**TASK TO COMPLETE**
Quote, exactly, the line holding "بالصور| خالد سليم" and all lines after it to the end of the records below. Exclude pictures.
━━━━━ DATA
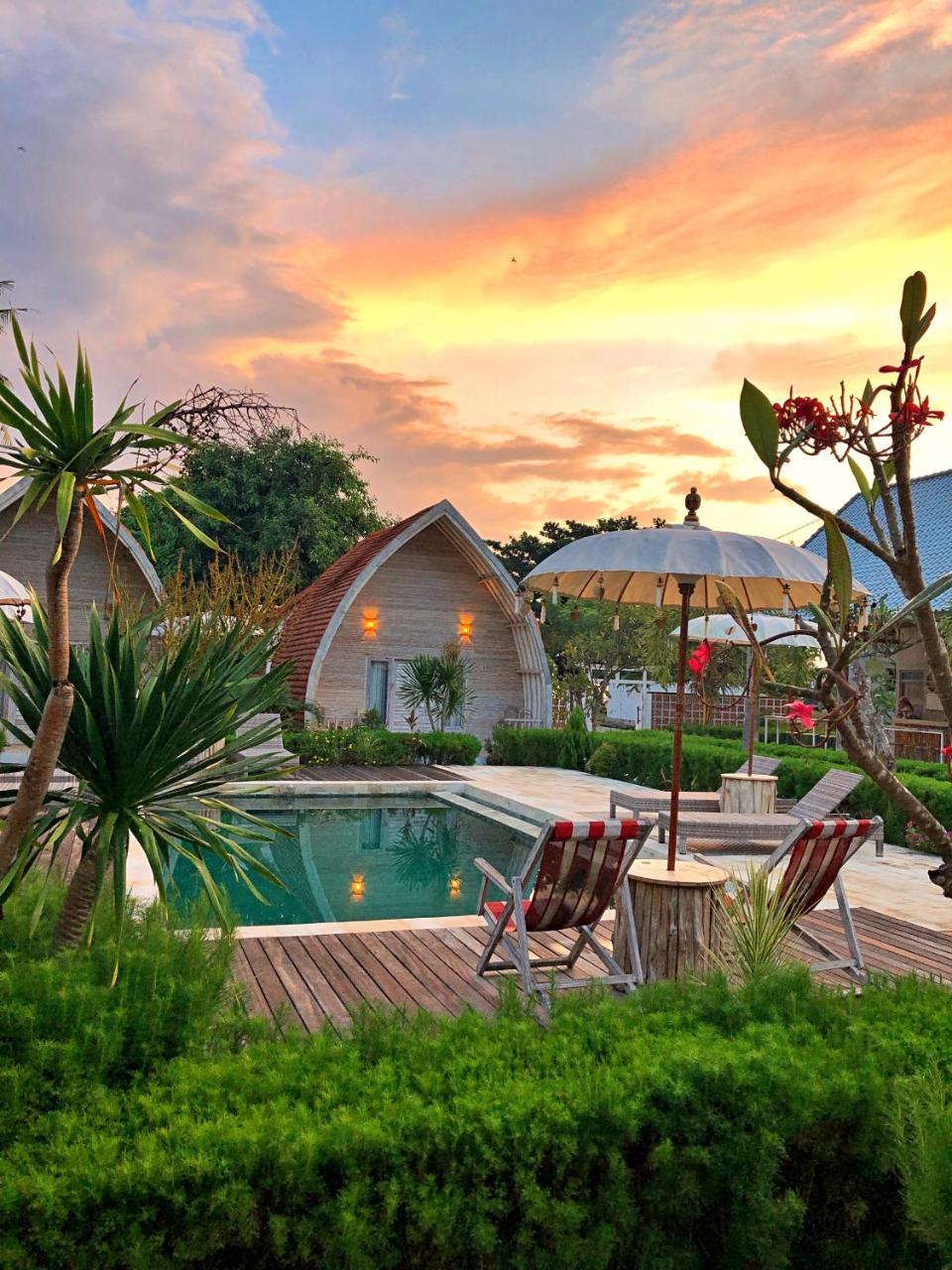 La Roja Bungalows Batununggul Extérieur photo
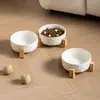 Cuenco de Cerámica Blanca Esmaltada Simple con Forma de Pata de Gato con Base de Bambú, Cuenco Antiderrames para Mascotas, Cuenco para Gatos, Cuenco para Perros, Bebedero para Gatos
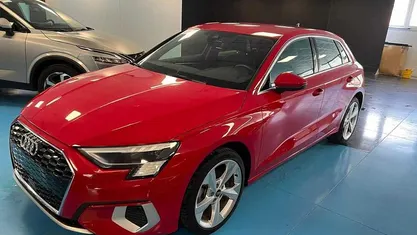 Usata Audi A3 e-tron Advanced 150 CV (110 kW) 2023 Rosso pastello Utilitaria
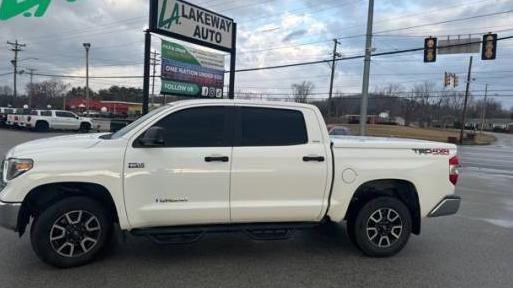 TOYOTA TUNDRA 2018 5TFDW5F1XJX695576 image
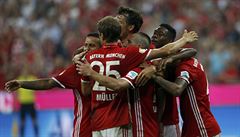 Gebre Selassie si protrpl debakl od Bayernu, Lewandowski nastlel hattrick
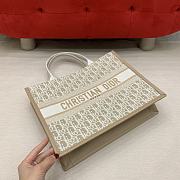 Dior Medium Book Tote Natural Oblique 36.5x28x16.5cm - 2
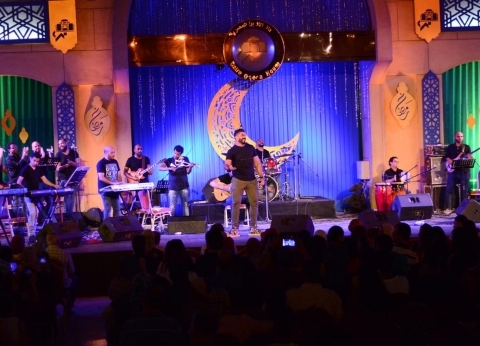 بالصور| خالد سليم يشعل حفل دار الأوبرا بباقة من أجمل أغانيه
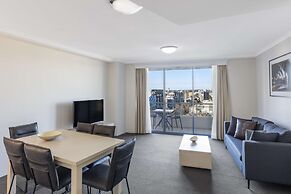 Oaks Sydney Castlereagh Suites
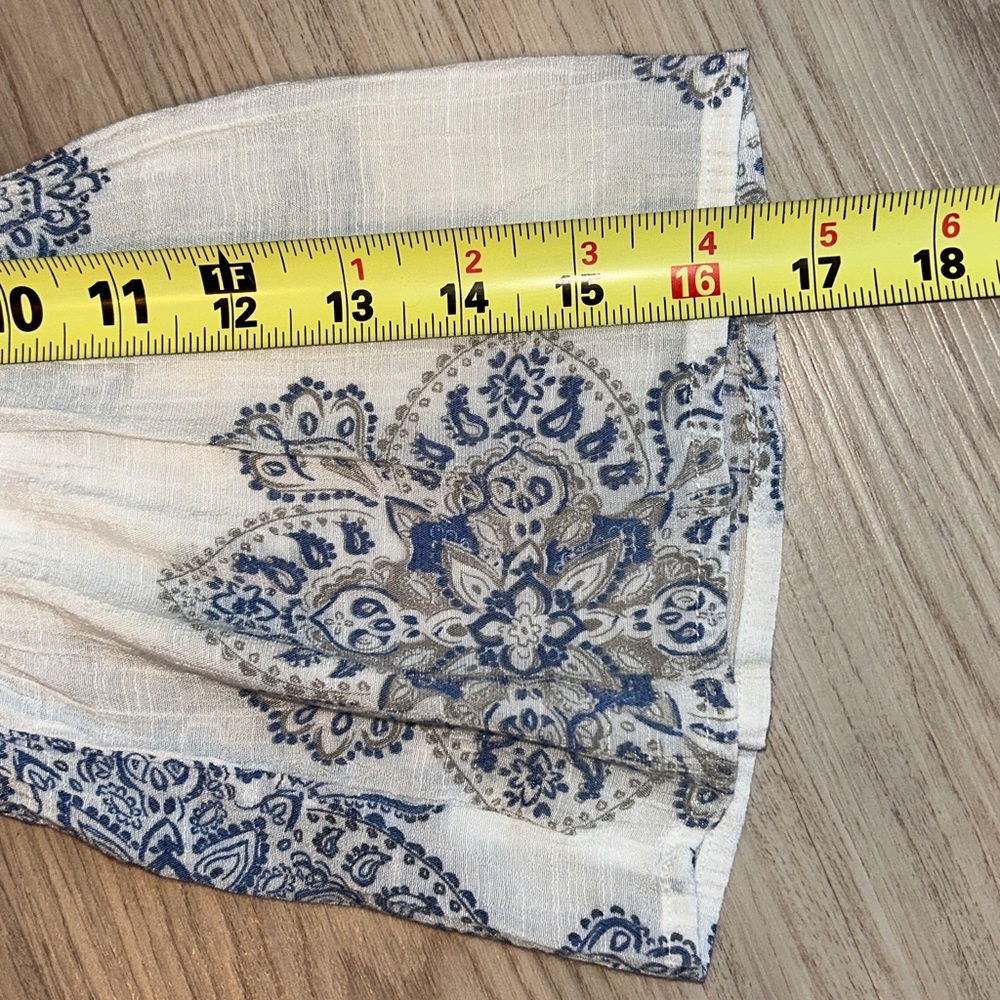 Unique Spectrum Button Ruffle S Top White Blue Floral Boho Hippie Casual - Picture 11 of 14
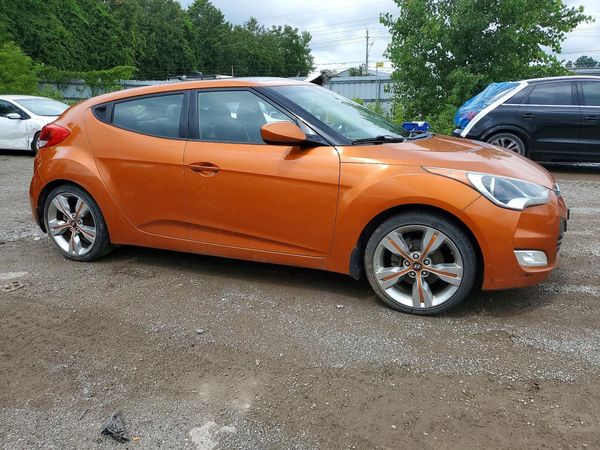 2012 HYUNDAI VELOSTER GLS(Middle grade) — Passenger 3/4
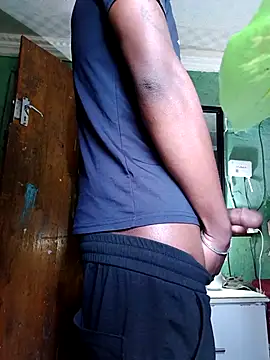 chezz05 online show from July 17, 2026, 10:12 am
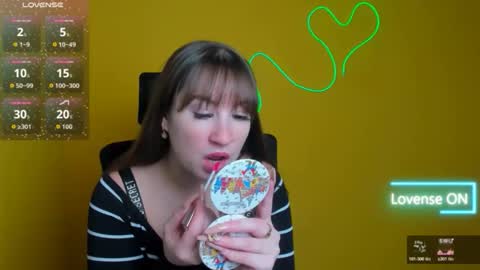 Jennifer online show from October 18, 5:43 am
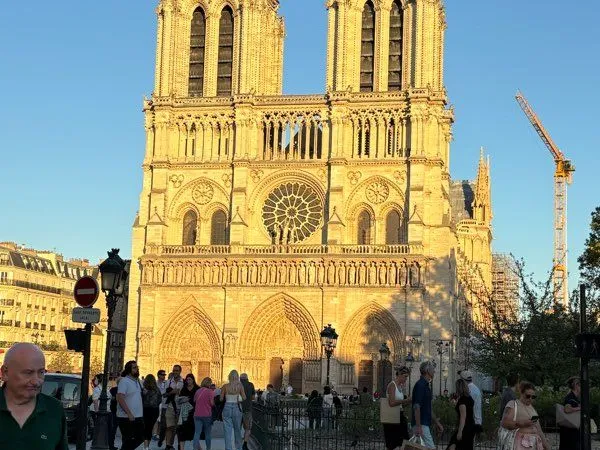 Vend grand studio 50m de Notre-Dame à Parie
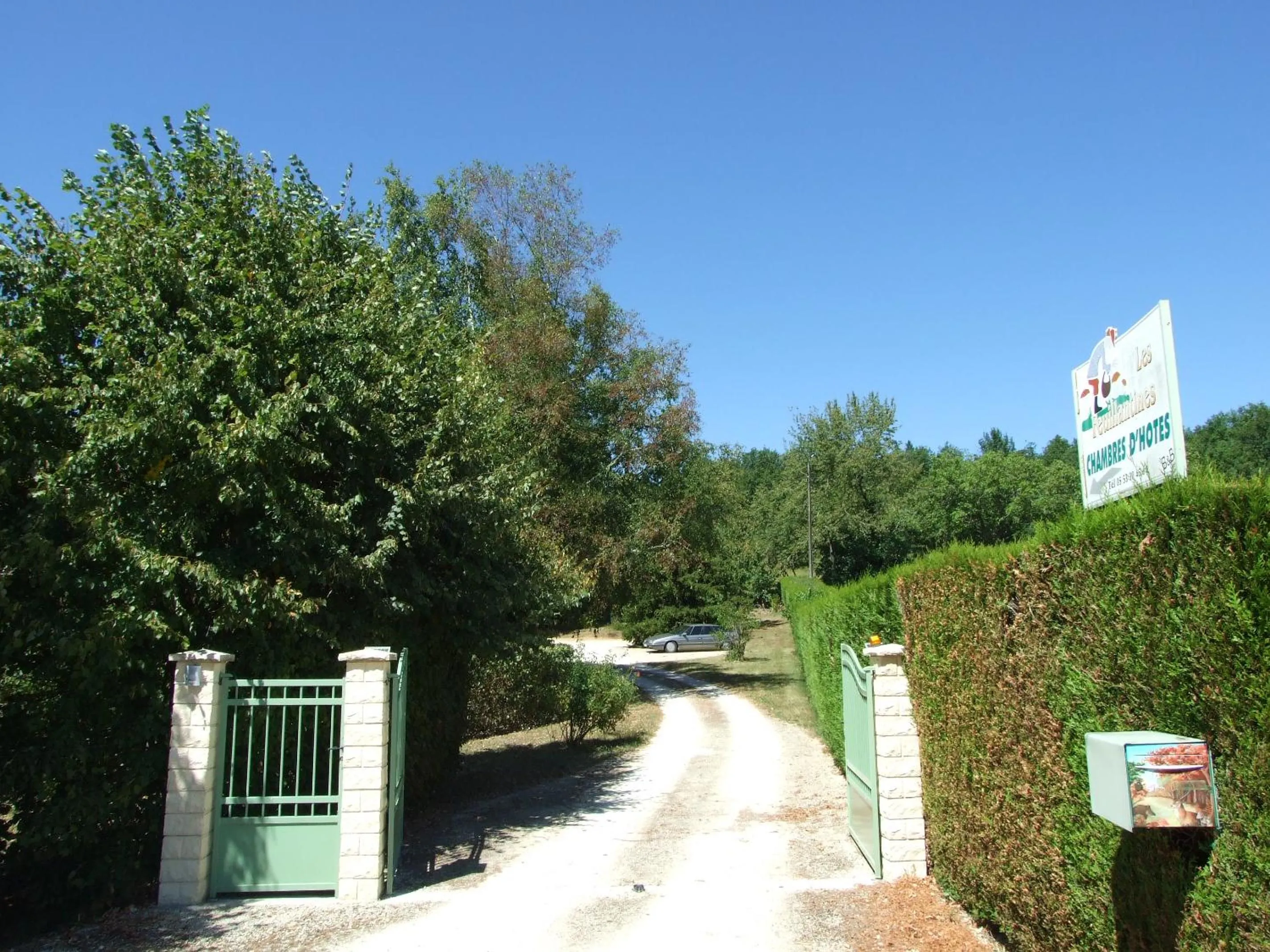 Facade/entrance in Les Feuillantines Perigord Noir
━━━━━━━━━━
**ANSWER BELOW**
 بالصور| خالد سليم يشعل حفل دار الأوبرا بباقة من أجمل أغانيه
 Oaks Sydney Castlereagh Suites
 Unique Spectrum Button Ruffle S Top White Blue Floral Boho Hippie Casual - Picture 11 of 14
 2012 HYUNDAI VELOSTER GLS(Middle grade) — Passenger 3/4
 chezz05 online show from July 17, 2026, 10:12 am
 Jennifer online show from October 18, 5:43 am
 Vend grand studio 50m de Notre-Dame à Parie
 Facade/entrance in Les Feuillantines Perigord Noir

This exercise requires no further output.